O projeto foi lançado há cerca de um mês e sua primeira oficina de capacitação contou com a presença de analistas e técnicos ambientais da Semad, consultores ambientais e gestores municipais de áreas com relevante presença de vegetação campestre. A ação conta, ainda, com um website informativo e um manual prático para auxiliar na identificação dos campos por técnicos, consultores e proprietários rurais. Esse material foi criado pela Semad em parceria com os pesquisadores Rafael Oliveira e Natashi Pilon, da Universidade Estadual de Campinas (Unicamp).
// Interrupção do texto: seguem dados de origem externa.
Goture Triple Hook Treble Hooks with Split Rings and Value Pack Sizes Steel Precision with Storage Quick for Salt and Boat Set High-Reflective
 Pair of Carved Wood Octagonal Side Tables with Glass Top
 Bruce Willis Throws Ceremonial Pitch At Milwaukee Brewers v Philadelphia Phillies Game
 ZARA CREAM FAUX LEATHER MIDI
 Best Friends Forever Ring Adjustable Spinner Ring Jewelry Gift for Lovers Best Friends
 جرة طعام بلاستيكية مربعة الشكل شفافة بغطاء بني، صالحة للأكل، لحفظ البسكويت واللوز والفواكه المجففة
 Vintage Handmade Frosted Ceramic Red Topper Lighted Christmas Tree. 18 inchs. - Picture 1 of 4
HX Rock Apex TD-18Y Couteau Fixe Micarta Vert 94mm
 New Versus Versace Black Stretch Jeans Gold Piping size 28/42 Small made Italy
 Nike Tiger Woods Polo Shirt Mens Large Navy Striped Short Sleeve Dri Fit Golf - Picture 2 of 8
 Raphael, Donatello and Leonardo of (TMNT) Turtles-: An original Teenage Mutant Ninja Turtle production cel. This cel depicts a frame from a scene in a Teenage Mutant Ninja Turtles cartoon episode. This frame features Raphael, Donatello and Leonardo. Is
Os campos e savanas presentes no bioma apresentam rica biodiversidade (Foto: Divulgação/ Semad)

Áreas ainda negligenciadas

A falta de normas técnicas, listas de espécies e outros conhecimentos necessários para guiar o trabalho de especialistas e gestores na conservação dos campos, motivaram a criação do projeto. “Sou de Brasília e convivi com esse tipo de vegetação desde muito cedo, na década de 1980. E depois que eu comecei a estudar e pesquisar, eu me dei de conta que os campos do Cerrado são muito negligenciados e pouco compreendidos”, relata o pesquisador Rafael Oliveira. “Infelizmente, muitas vezes são vistos como áreas degradadas. Mas desde a época da minha graduação que percebo que se trata de uma vegetação muito sutil e muito especial. A beleza da vegetação nos campos está nos detalhes, são plantas muito peculiares”, acrescenta.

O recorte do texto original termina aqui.